La gente, por hablar, dice lo que sea. Hablan del clima, del transporte, de pelota, de los compañeros de trabajo que se ven a escondidas, del perro del vecino que ladra demasiado. De todo, menos de ellos.
Si hay un grupo de personas que debe lidiar con torrenciales de palabras en torno a sí mismas, los artistas están en la punta del listado. En ocasiones, sus vidas personales parecen más importantes que sus obras, y en otras, sus legados son tan amplios que no logran borrar lo desastrosas que pudieron haber sido sus intimidades. Sea como sea, lo que pase con ellos casi siempre estará rodeado por la incómoda sombra de la duda.
Sobre Celeste Mendoza hay cuentos que fácilmente podrían llenar un volumen grueso, la mayoría de ellos más cercanos a la leyenda que al real paso por este plano existencial de una de las más grandes artistas cubanas de cualquier siglo. Tal vez el más notorio de todos se refiere al arranque de celos que la hizo atacar, cuchillo en mano, a un marido infiel hasta quitarle la vida.
Tal escena podría servir para crear un momento climático si cierto día el mundo audiovisual se dignase a recrear su vida. Sin embargo, y por mucho morbo que despierte, algo así sería un salto al vacío tan grande como el de mostrar a dos papas viendo juntos la final de un mundial de fútbol, pese a lo interesante que eso pueda parecer a la vista.
Por las dudas, lo más sensato es hacerle caso a alguien que la conoció mucho mejor que nosotros. La Única, Rita Montaner, de fantástica voz y (supuestamente) mucho peor carácter, expresó una vez de Celeste:
…“verdadera artista cubana, que expresa en lo vocal y lo coreográfico, con espontaneidad, sin dobleces, nuestra música popular y folklórica. ¡La reina del Guaguancó!»
Y digo yo que, si ella, quien a la par de su enorme ego, tenía aún más autoridad para hablar de talento, dijo eso de la santiaguera del barrio de los Hoyos, su razón habrá tenido.
Hablar ahora de Celeste Mendoza puede resultar casi un descubrimiento.
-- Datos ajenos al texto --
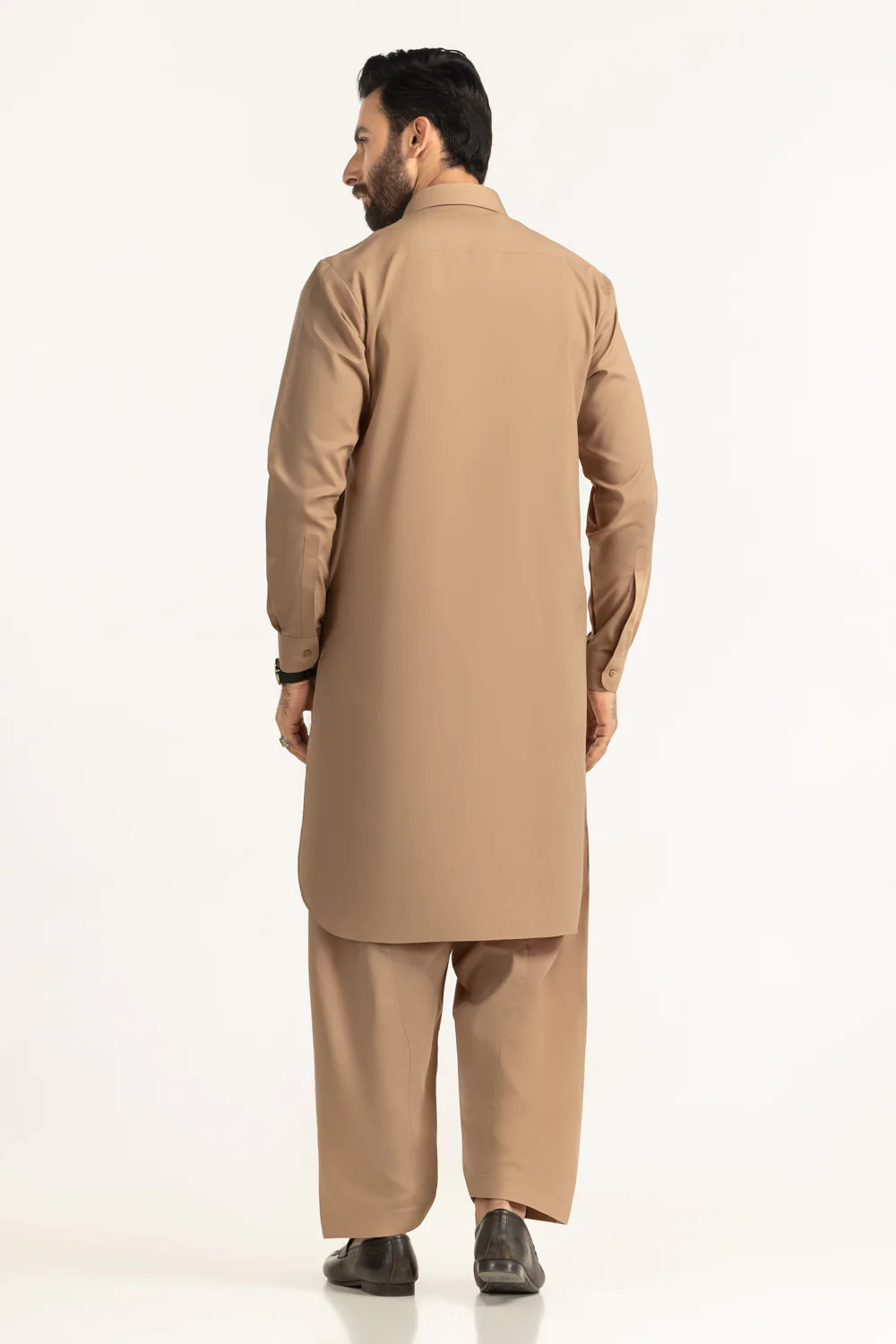 Regular Fit Basic Suits - Image 5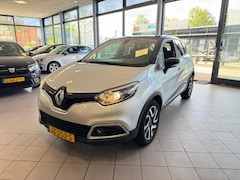 Renault Captur - 0.9 TCe Dynamique NW. APK NAVI CAMERA BJ 2016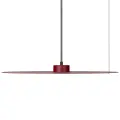 Lampa wisząca PIATTO Burgund 1xGX53 fi 550mm MLP2919 Milagro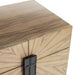 Arteriors - 5126 - Chest - Lafayette - Chateau Gray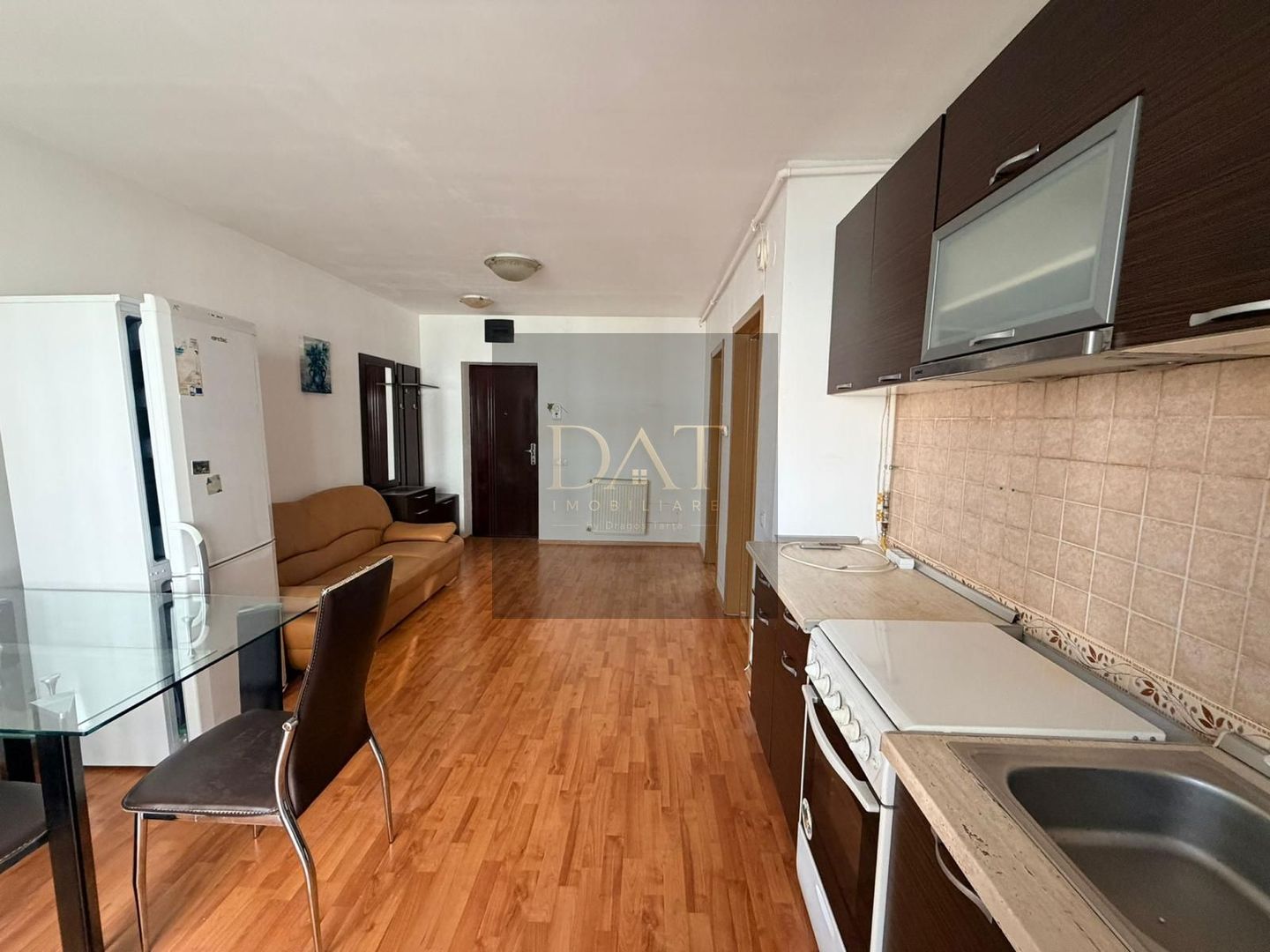 2 camere, etaj intermediar, parcare, Beta Residence - Poză 6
Poco se dice de ella en los medios de comunicación, más enfocados en ensalzar a quien sea que “suene” que en revisitar un pasado igualmente imperfecto y repleto de glorias.
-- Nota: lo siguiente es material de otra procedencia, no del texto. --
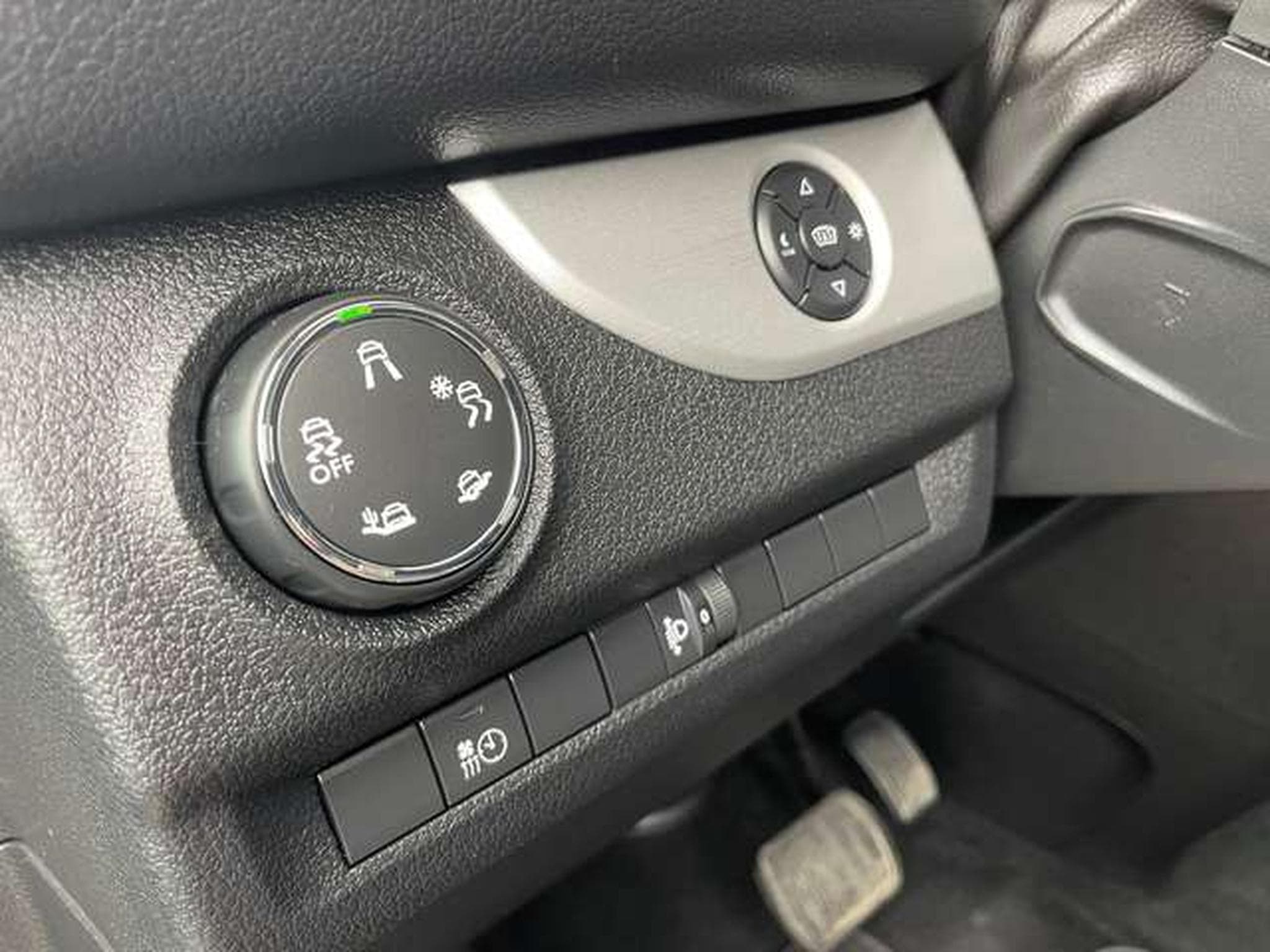 Citroen Spacetourer Jumpy XL 180 EAT8-JUSQU'A 48 MOIS DE GARANTIE (2020) - Photo 17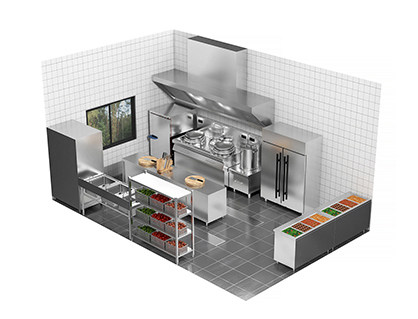 Guangdong No. 7 Warehouse Hotel Supplies Co., Ltd.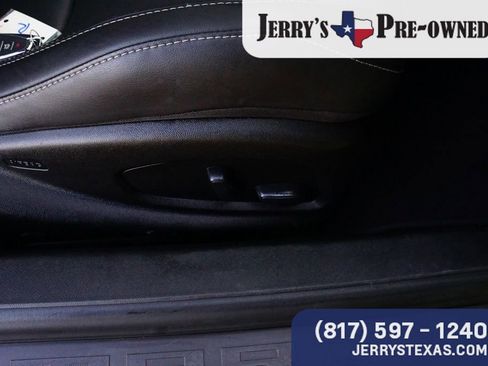 Used 2019 Chevrolet Camaro LT w/ RS Package image 22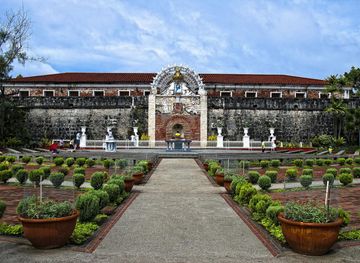Fort Pilar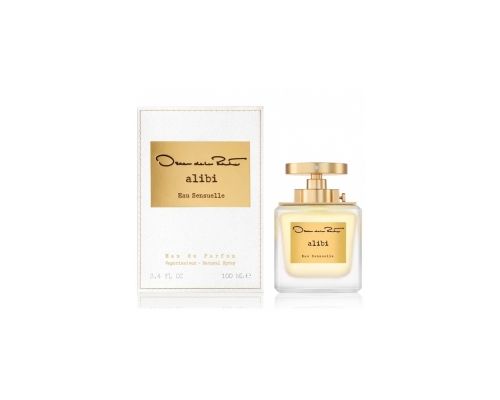 OSCAR DE LA RENTA Alibi Sensuelle Туалетные духи 100 мл, Тип: Туалетные духи, Объем, мл.: 100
El de la Reina es un relato sabroso, nacido al calor de la tumbadora, el ron y la sonoridad africana. Baile y canto se juntaron desde temprano entre Santiago y La Habana, para formar a quien se adueñaría de un prestigioso lugar reservado en la memoria escénica de este archipiélago.
Primero fue la radio el espacio donde se escuchó su nombre, y tiempo después el cabaret la confirmó como una estrella. El mítico coreógrafo Roderico Neyra, Rodney para sus amigos, la tuvo en Tropicana como parte de su elenco, y desde ahí no pudo menos que notar el brillo de su diferencia. Allí, a la luz de las estrellas, Celeste osó parecerse a dos celebridades como Josephine Baker y Carmen Miranda, ambas de visita por la casa. El resultado de su atrevimiento le valió el aplauso de un respetable que, más allá de la imitación, quedó ruborizado por su brillo auténtico.
Los pasados años 50 la vieron crecer artísticamente, algo que vio un tipo como el mexicano Germán Valdés, quien la invitó a participar en la cinta que protagonizó en 1953 con el título de Tin Tan en La Habana.
Guaguancó aparte, la Mendoza supo moverse en un registro genérico amplio, por lo que fue imposible encasillarla solamente en una variante de la música. Le puso lo suyo al bolero, la guaracha, la ranchera y el mambo. Durante el proceso se ganó el respeto de la audiencia en Cuba y el extranjero.
Tiempo y muerte no lograron evitar la ovación que significó la reedición de sus mejores temas en países como Venezuela, Canadá y Francia. Antes, tampoco pudieron resistirse los rusos ni los alemanes, quienes se movieron a su voluntad, al compás de éxitos como Échame a mí la culpa, Que me castigue Dios, Soy tan feliz y Papá Oggún.
Si suficiente era su presencia para motivar al auditorio, también tuvo la oportunidad de rodearse sobre él de gigantes de este y el otro lado del Atlántico, como fueron Edith Piaf, Ninón Sevilla, Bola de Nieve, Pedro Infante, la Orquesta Aragón, y Benny Moré, uno de sus más entrañables amigos.
A ella, nacida en 1930, la muerte le llegó a los 68, poco después de haber recibido junto a Los Papines el premio Cubadisco por su álbum El reino de la rumba. Hoy, confundidos por esa turbia simulación que suele ser la industria musical en todas partes, Celeste Mendoza parece haber sido relegada al rincón de la obsolescencia. Sólo espero que no tenga que venir alguien desde afuera a revivirla.